**What you need to do:** Using the material below, repeat exactly the lines from the one with "TEMSONE tensioner and" through the one with "Bburago junior 81006", ends included, without any images.

**Extracted records:**

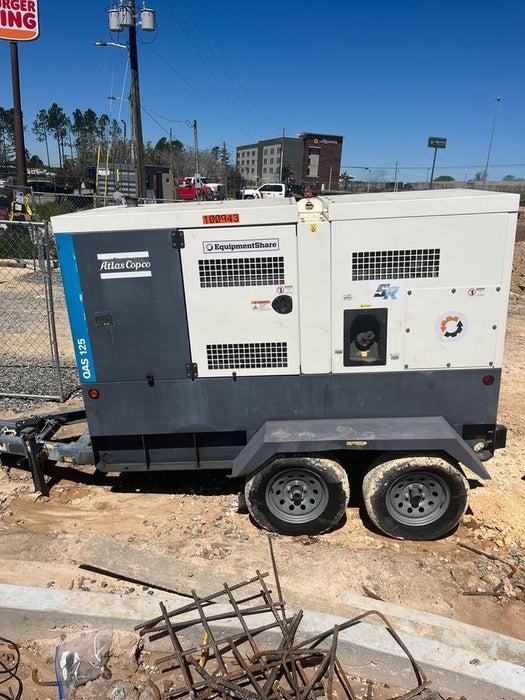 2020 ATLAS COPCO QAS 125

--

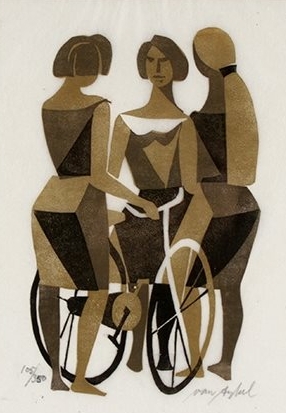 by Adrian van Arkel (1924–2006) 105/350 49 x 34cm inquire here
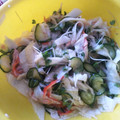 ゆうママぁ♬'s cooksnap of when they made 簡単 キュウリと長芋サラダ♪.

...

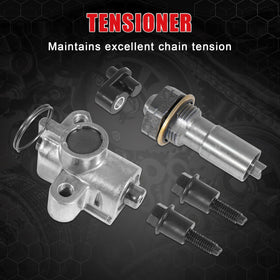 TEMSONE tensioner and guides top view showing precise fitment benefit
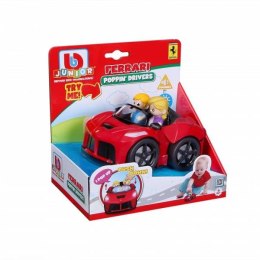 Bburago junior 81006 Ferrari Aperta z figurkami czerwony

**Answer for this exercise:**
 TEMSONE tensioner and guides top view showing precise fitment benefit
 Bburago junior 81006 Ferrari Aperta z figurkami czerwony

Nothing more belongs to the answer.